The sense impulse wants to be determined, to receive its object; the form impulse wants to determine for itself, to produce its object; the play impulse will endeavour to receive as it would itself have produced, and to produce as the sense aspires to receive.49 (14th letter)

[Der sinnliche Trieb will bestimmt werden, er will sein Objekt empfangen; der Formtrieb will selbst bestimmen, er will sein Objekt hervorbringen; der Spieltrieb wird also bestrebt sein so zu empfangen, wie er selbst hervorgebracht hätte, und so hervorzubringen, wie der Sinn zu empfangen trachtet.] (italics in original)

The realization of the Spieltrieb is only possible in the realm of beauty (Bereich des Schönen). It is only in and through aesthetic experience that the Spieltrieb can be fully experienced and it is only in play (Spiel) that human potentials are fully realized:

… the Beautiful is not to be mere life, nor mere shape, but living shape – that is, beauty – as it dictates to mankind the twofold law of absolute formality and absolute reality. Consequently it also pronounces the saying: Man shall only play with Beauty, and he shall play only with Beauty. Thus – and to finally speak it out – the human being only plays when he is in the full sense of the word human and he is only wholly human when he plays.50 (15th letter) ( italics in original)

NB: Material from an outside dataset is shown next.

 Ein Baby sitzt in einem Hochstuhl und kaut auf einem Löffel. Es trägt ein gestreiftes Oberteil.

[…das Schöne soll nicht bloßes Leben und nicht bloße Gestalt, sondern lebende Gestalt, das ist, Schönheit sein; indem sie ja dem Menschen das doppelte Gesetz der absoluten Formalität und der absoluten Realität diktiert. Mithin tut sie auch den Ausspruch: der Mensch soll mit der Schönheit nur spielen, und er soll nur mit der Schönheit spielen. Denn, um es endlich auf einmal herauszusagen, der Mensch spielt nur, wo er in voller Bedeutung des Worts Mensch ist, und er ist nur da ganz Mensch, wo er spielt.] (italics in original)

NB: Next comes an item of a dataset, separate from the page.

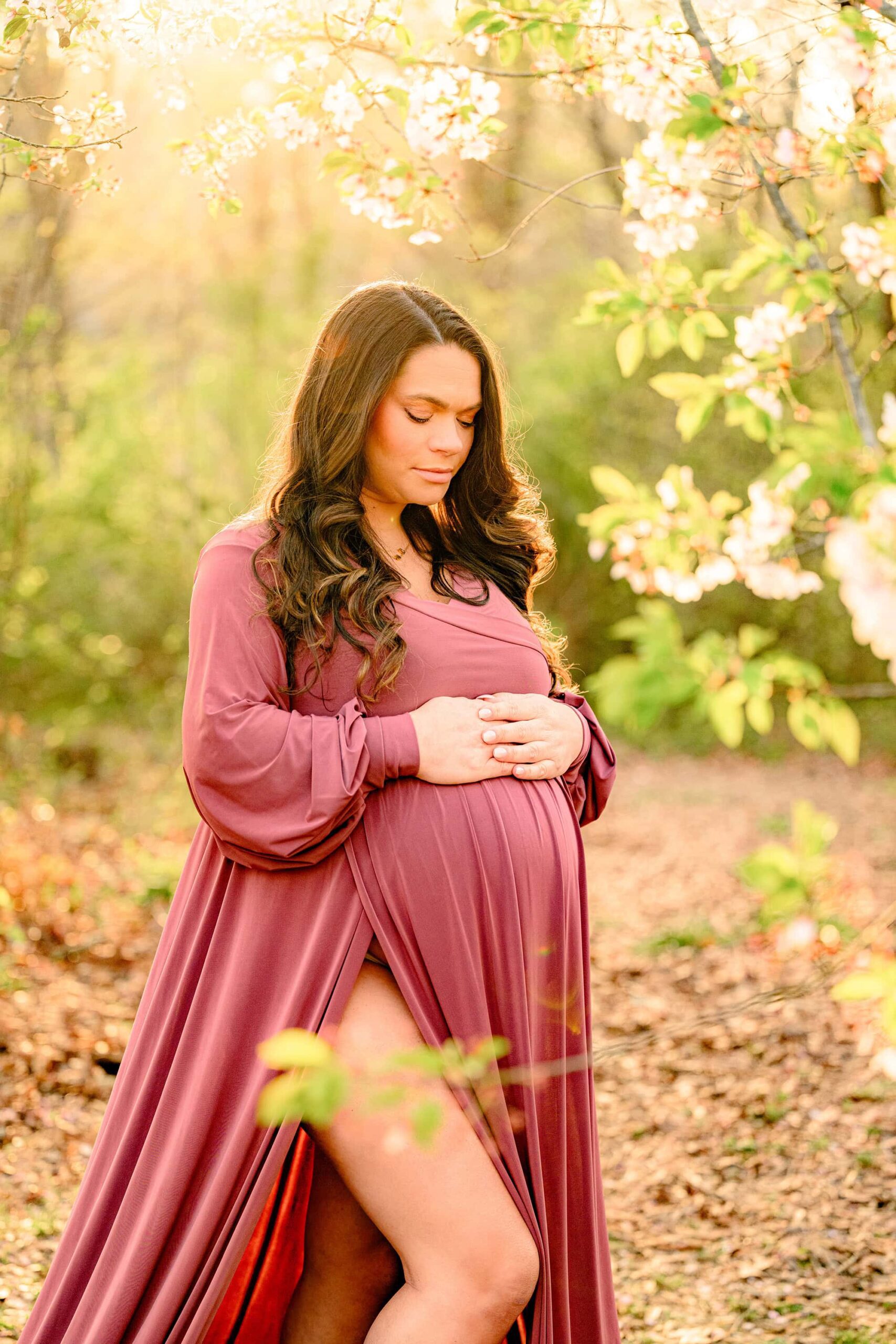 expect mom is glowing in the spring sun with blooms around her while wearing a client closet dress in rose pink in a waxhaw park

Schiller’s view of aesthetic education can only be fully understood in the context of the central role which he considered aesthetics to have in all human development. In his work it becomes evident that the role of art and beauty (Schönheit) in the further development of the Spieltrieb are seen as being decisive in all areas of education and life, resulting ideally in a harmony and unity – a Lebenskunst with implications in all areas of social life:

Through Beauty the sensuous man is led to form and to thought; through Beauty the spiritual man is brought back to matter and restored to the world of sense.51 (18th letter)

[Durch die Schönheit wird der sinnliche Mensch zur Form und zum Denken geleitet; durch die Schönheit wird der geistige Mensch zur Materie zurückgeführt und der Sinnenwelt wiedergegeben.]

In this educational/aesthetic context, individual freedom coupled with an inner sense of responsibility only becomes possible through cultivating and developing one’s senses, sentient life and artistic imagination through aesthetic experience.

There is no other way to make the sensuous man sensible other than to first make him aesthetic.52 (23rd letter)

[Es gibt keinen anderen Weg, den sinnlichen Menschen vernünftig zu machen, als daß man denselben zuvor ästhetisch macht]

Schiller’s concept of aesthetic education in which artistic processes and activity are viewed as decisive elements in all human development evidences clear parallels to the thinking of other philosophers of that period, most notably Herder and Schleiermacher. At the same time, his Ästhetische Briefe can be seen as representing a significant step in the development of this connection between art and education, which was later to have a direct and formative influence on the thinking of later educational reformers.